After taking office in 2007, she voted in favor of a bill that called for 370 miles of “triple-layered [border] fencing” and 500 miles of vehicle barriers. It also sought to roughly double the number of Border Patrol agents from about 12,000 at the time, adding 11,600 agents over five years. Obama and then-New York Sen. Hillary Clinton also voted for the bill. Sanders voted no. He said in 2015 that he opposed the 2007 bill because it included a guest worker program that would allow too many low-wage workers into the U.S.
Klobuchar said Friday that she took “a lot of heat” during the 2006 Senate race for being too lenient on immigration, saying that almost every ad run against her was about immigration but that her support for immigrants “has not wavered.”
Klobuchar faces a particular challenge because she is not well known in Nevada. That means she has roughly one week to introduce herself to voters and to explain her past positions to people who may be hearing about them, and her, for the first time.
Maria-Teresa Liebermann, deputy director of the progressive organization Battle Born Progress, said Klobuchar’s past positions could have some impact on Nevada voters. While other issues are important, many voters who care about immigration have grown more cynical of all politicians and less forgiving of past mistakes, since the hardened immigration policies of the Trump administration.
“When I heard about it, I definitely thought she’s got a lot to learn and a lot to answer for, especially when she comes to a place like Nevada,” said Liebermann. “That is something that folks may think about” when they vote, she said.
Hector Sanchez Barba, CEO and Executive Director of Mi Familia Vota, a civic engagement organization that backs social and economic justice, called the English-language vote “a huge red flag for our community.”
But Cecilia Munoz, who has worked on immigration issues in Washington for more than 30 years, including in the Obama White House , said supporting additional border security like what was in the 2007 bill was “standard for Democrats and everybody at the time.”
Munoz, who is now vice president of New America, also noted that many Democrats have changed positions on immigration issues over the last decade or more, she said.
“I did not experience Sen. Klobuchar as an English-only zealot. Ever,” Munoz said.
Klobuchar also was a target of criticism Thursday from rival Pete Buttigieg, the former mayor of South Bend, Indiana. Buttigieg is competing with Klobuchar for moderate voters and is also struggling to build support among Hispanics and African Americans.
Buttigieg, who essentially tied for the lead with Sanders in Iowa and finished second in New Hampshire, knocked Klobuchar without naming her for supporting the confirmation of U.S. Customs and Border Protection Commissioner Kevin McAleenan.
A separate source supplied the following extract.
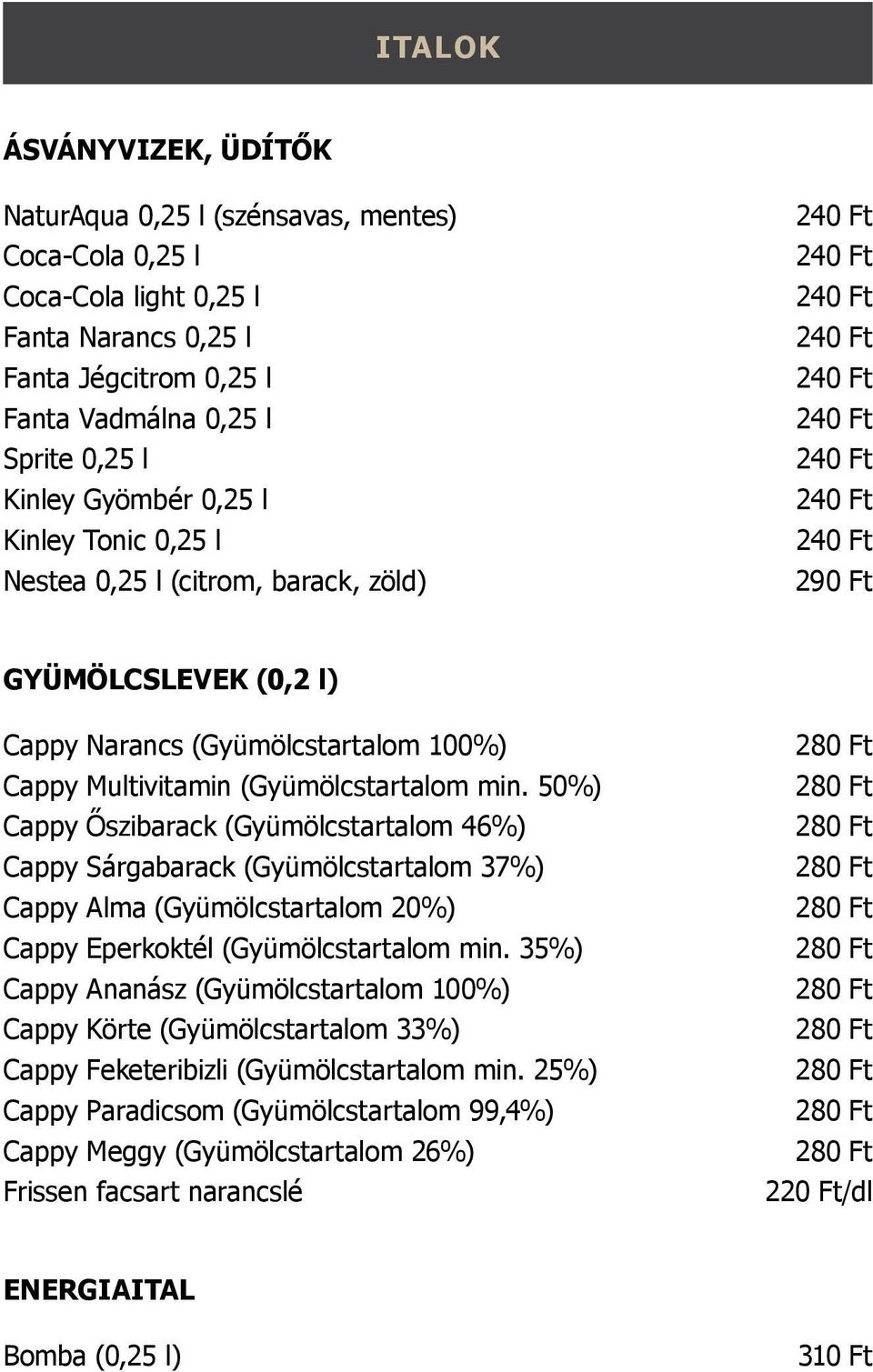 50%) Cappy Őszibarack (Gyümölcstartalom 46%) Cappy Sárgabarack (Gyümölcstartalom 37%) Cappy Alma (Gyümölcstartalom 20%) Cappy Eperkoktél (Gyümölcstartalom min.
During McAleenan's time leading the agency, Democrats criticized the Trump administration for separating children from their parents at the border and detaining them in overcrowded facilities with poor conditions.
“I've heard some people say that, you know, my experience is not relevant because you have to have Washington experience in order to become a president,” Buttigieg said during a forum hosted by the League of United Latin American Citizens, the largest Hispanic civil rights organization. “But some of those same voices are among those who voted to confirm Kevin McAleenan as the CBP head who presided over, for example, the horrifying conditions that children were kept in, and we have to look at what kind of judgment that experience has brought.”
Asked Friday about the remarks, Klobuchar said that she disagrees “vehemently” with Trump's border policies and that McAleenan had been recommended by Obama officials and other Democrats — including Nevada Sen. Catherine Cortez Masto — voted for him, too. Sanders and Massachusetts Sen. Elizabeth Warren, another 2020 candidate, voted no.